Lange habe ich geübt, jetzt sitzt das Klavierstück endlich so richtig! Mittlerweile kann ich es sogar spielen ohne die Noten zu lesen, ja sogar ohne überhaupt hinzusehen! Aus dem Effeff quasi! Effeff? Das sieht geschrieben wirklich doof aus. Und warum sagt man das überhaupt so? Ich lasse das Klavier Klavier sein und setze mich für eine Recherche an den Computer. (Auf der Tastatur kann ich auch Wörter und Sätze aus dem Effeff spielen!)

Aha: Die Redewendung geht bis ins alte Rom zurück, genauer gesagt: auf das damalige Rechtssystem. Laaange her. Einige Schriftwerke mit Gesetzestexten nannte man zu dieser Zeit „Pandeken“, das bedeutet: „das Allumfassende“. Und man vergab dafür eine Abkürzung: den griechischen Buchstaben π („pi“). Flüchtig dahingeklatscht sah das π manchmal aus wie zwei kleine „f“. Irgendjemand übernahm irgendwann eben dieses „ff“ als Abkürzung für die Pandeken.

Soweit klar. Und weiter? Noch lange nach dem Untergang des Römischen Reichs bestanden diese Texte fort und bildeten die Basis für die Gesetze der neuen europäischen Staaten. Die Abkürzung „ff“ wurde hierfür einfach beibehalten. Wenn sich ein Jurist besonders gut mit den Pandeken („ff“) auskannte, wusste er sie gewissermaßen in- und auswendig, und er wusste, was richtig oder unzulässig ist. Ein Experte auf seinem Gebiet, der sein Fachwissen beherrschte – aus dem Effeff eben!

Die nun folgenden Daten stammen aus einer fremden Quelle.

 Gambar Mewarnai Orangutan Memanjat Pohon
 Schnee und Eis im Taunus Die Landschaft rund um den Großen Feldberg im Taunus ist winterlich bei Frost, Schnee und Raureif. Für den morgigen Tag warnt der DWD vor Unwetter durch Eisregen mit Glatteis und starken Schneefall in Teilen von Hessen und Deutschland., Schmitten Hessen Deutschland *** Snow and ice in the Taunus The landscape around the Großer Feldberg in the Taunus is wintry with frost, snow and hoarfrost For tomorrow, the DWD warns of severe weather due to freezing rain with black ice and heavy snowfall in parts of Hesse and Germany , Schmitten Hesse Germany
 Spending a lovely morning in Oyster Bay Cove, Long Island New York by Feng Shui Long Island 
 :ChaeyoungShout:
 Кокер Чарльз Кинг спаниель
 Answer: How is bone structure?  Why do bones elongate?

Entertainer Sascha Klaar spielt auch ganz gut Klavier.

Aus dem Staub gemacht

Einkaufen im Supermarkt. Dieses und jenes – Nützliches und weniger Nützliches – landet im Einkaufswagen. Frisches Gemüse, Obst, Reis und Kartoffeln, eine neue Laufmütze aus dem Tchibo-Regal … Ich bin in der Konservenabteilung gelandet und schaue mir ein Glas mit Schattenmorellen an. Die machen sich gut auf Joghurt oder Grießpudding. Mir tropft der Zahn, mir läuft – nicht nur sprichwörtlich – das Wasser im Mund zusammen. Nein, nein und nochmals nein: Ich hatte ja beschlossen (ich bin beschlossen worden träfe es eher … ), etwas mehr auf meine Gesundheit zu achten.

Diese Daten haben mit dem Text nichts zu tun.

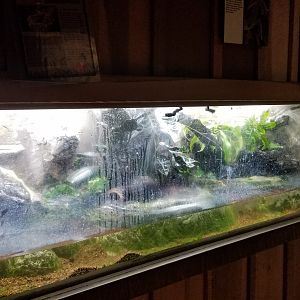 Elmwood Park - Borneo eared frog, red-eyed tree frog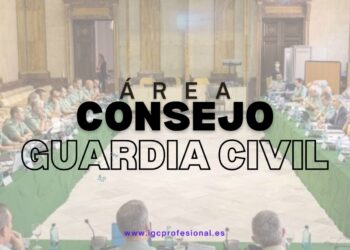 COMISION PERMANENTE DE NORMATIVA Y DEL ESTATUTO PROFESIONAL DEL CONSEJO DE LA GUARDIA CIVIL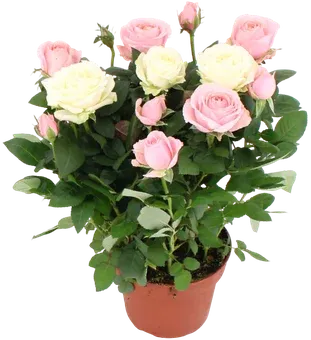 Kwiat Róża duo don 14cm szt widok główny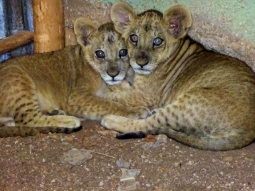 A photo of two young lion cubs huddled together in the corner of a dark room.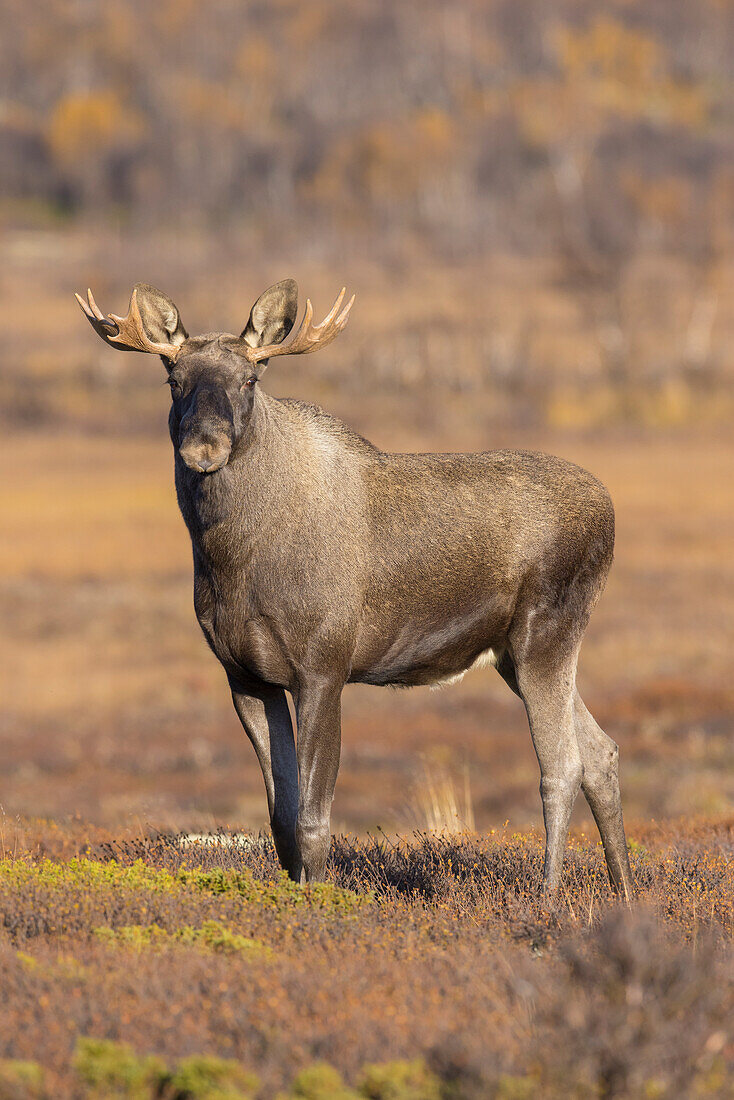  Moose, Alces alces, old bull moose in autumn, Jaemtland, Sweden 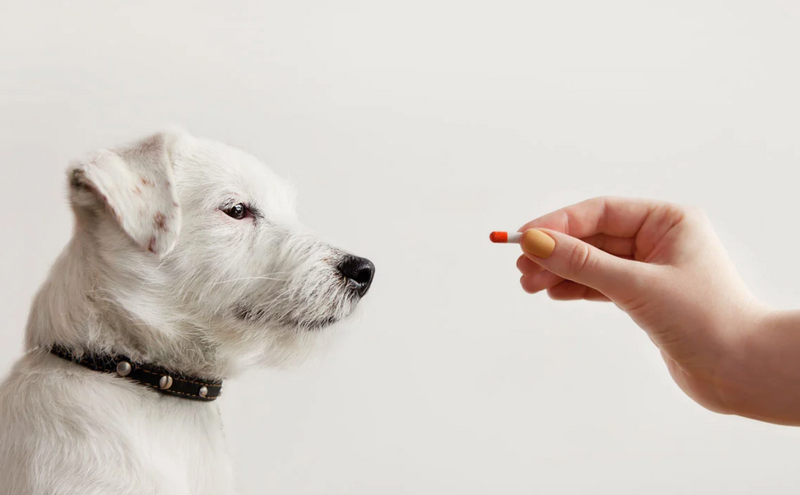 suplemento-alimenticio-para-perros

Als ich das Glas wieder ins Regal stellen will, entgleitet es mir und landet auf dem Boden. Ein Rot und Rund, wohin das Auge blicket. Ein Adrenalinschub gesellt sich zu meiner Misere. Ich schaue nach links und nach rechts. Zum Glück werde ich fast nie rot. Niemand zu sehen. Ich warte noch ein Weilchen, und als dann noch immer keine Menschenseele zu sehen ist, mache ich mich klammheimlich aus dem Staub …

Nicht gerade ehrenhaft, diese Sauerei zu hinterlassen, ich weiß. Als ich die Waren im Kofferraum verstaut habe und in meinem Auto sitze, ist es zunächst nicht das schlechte Gewissen, das mich beschleicht, sondern vielmehr der Gedanke an die Redenwendung sich aus dem Staub machen. Warum heißt das so?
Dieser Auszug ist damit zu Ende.